"Dans les cliniques, ils sont mieux payés" : l’hôpital de Lens peine à recruter et va suspendre son Samu pendant dix jours
L'hôpital de Lens connaît une situation difficile cet été. Faute de médecins, le service du Samu sera à l'arrêt pendant une dizaine de jours.
Faute de candidats et de médecins titulaires, le service des urgences de l’hôpital de Lens dans le Pas-de-Calais se trouve dans une situation inextricable. Depuis des mois, les médecins, mais aussi les infirmiers et aides-soignants démissionnent à cause des conditions de travail trop difficiles. Depuis, l'hôpital manque de personnel et cet été la direction a dû faire une croix sur les urgences mobiles : les ambulances du Samu ne rouleront pas 10 jours.
Jusqu'à huit heures d'attente aux urgences
"C’est notre jour de chance aux urgences", lance Nina avec un sourire. "Apparemment, hier soir, c'était bondé", poursuit-elle.

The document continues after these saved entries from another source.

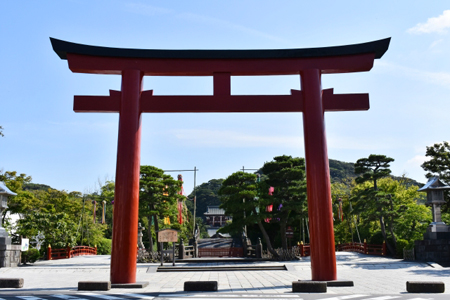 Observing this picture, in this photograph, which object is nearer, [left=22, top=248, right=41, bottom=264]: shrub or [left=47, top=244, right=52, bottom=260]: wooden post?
[left=22, top=248, right=41, bottom=264]: shrub

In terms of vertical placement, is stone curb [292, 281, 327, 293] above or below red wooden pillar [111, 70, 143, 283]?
below

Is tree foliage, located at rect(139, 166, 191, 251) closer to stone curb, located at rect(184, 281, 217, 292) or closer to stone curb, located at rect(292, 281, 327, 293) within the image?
stone curb, located at rect(184, 281, 217, 292)

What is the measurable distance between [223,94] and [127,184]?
12.4 feet

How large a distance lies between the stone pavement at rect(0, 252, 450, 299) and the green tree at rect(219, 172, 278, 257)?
18.9ft

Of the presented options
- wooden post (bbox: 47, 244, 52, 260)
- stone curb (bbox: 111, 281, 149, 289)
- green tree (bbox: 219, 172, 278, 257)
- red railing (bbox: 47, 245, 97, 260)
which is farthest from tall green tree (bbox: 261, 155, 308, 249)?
wooden post (bbox: 47, 244, 52, 260)

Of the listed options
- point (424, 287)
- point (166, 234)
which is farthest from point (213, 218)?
point (424, 287)

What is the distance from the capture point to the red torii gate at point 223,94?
34.9 feet

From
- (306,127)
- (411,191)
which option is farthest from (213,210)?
(306,127)

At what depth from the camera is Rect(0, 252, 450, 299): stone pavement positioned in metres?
9.94

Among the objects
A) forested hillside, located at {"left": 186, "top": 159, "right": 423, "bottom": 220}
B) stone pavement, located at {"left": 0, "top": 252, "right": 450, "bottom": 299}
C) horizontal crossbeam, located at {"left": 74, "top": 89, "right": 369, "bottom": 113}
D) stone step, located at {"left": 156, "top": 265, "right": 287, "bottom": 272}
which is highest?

Cette patiente n’a attendu qu’une heure et demie pour qu’un médecin s’occupe d’elle. "On s'était dit 'bon, on va peut-être attendre quatre à six heures'. J'avais pris une bouteille d'eau, on ne sait jamais". Le problème, tous les habitants de la région le savent, c’est qu’aux urgences de Lens, on attend parfois huit heures parce qu’il n’y a plus de médecins ou presque.

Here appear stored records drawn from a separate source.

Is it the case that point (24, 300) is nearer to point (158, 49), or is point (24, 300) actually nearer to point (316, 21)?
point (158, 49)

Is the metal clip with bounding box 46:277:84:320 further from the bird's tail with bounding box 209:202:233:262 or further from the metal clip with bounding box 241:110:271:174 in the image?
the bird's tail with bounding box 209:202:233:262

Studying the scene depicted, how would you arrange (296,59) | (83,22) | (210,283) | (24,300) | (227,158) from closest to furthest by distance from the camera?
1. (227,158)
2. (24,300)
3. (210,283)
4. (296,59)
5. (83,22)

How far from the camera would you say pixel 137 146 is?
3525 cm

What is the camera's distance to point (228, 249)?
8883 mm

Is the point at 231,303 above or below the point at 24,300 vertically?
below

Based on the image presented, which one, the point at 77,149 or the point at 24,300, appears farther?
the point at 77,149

Le personnel a démissionné en cascade ces derniers mois. Sur une équipe de 20, ils ne sont plus que sept.
"J'ai déjà vu des médecins pleurer et sortir dans le garage du Smur pour verser une larme, il y a trop de boulot.

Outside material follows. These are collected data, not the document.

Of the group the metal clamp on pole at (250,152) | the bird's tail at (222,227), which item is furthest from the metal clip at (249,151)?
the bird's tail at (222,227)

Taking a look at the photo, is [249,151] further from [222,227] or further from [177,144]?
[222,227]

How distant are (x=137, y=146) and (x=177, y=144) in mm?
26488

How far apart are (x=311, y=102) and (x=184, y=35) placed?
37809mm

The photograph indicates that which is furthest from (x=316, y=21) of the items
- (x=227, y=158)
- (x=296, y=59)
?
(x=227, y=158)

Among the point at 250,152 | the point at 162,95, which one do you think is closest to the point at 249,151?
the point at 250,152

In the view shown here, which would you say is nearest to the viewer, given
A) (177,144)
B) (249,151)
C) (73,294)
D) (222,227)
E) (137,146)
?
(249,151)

Jean-Claude, un infirmierà franceinfo
"Il y a énormément de responsabilités la nuit avec beaucoup de patients à voir, explique Jean-Claude, infirmier à l'hôpital de Lens. Ces médecins sont partis dans d'autres établissements, voire dans le privé. Nous aussi, pour le paramédical, il faut courir dans tous les sens. Il y a aussi des infirmiers et des aides-soignants qui sont déjà partis". Lui-même a déjà songé à quitter l'hôpital. "Je cherche encore. Ça m'arrive de me promener un peu sur internet et de regarder les propositions d'emplois à droite à gauche". Jean-Claude se dit que "possiblement", ça sera mieux ailleurs, ou "moins pire".
Les camions du Samu resteront au garage
La conséquence de ces démissions et de ces trous dans le planning va se faire ressentir pour le Samu. Pour faire tourner les urgences, la direction de l’hôpital a dû sacrifier le service d’ambulance. Cet été, la sirène se fera de plus en plus rare car le service sera à l’arrêt une dizaine de jours jusqu’à fin août.
Ça veut dire concrètement que si vous avez un arrêt cardiaque en face de l'hôpital, auparavant on mettait une minute pour arriver avec le Smur de Lens. Là, on fera appel à un Smur extérieur qui est à une petite demi-heure de chez nous.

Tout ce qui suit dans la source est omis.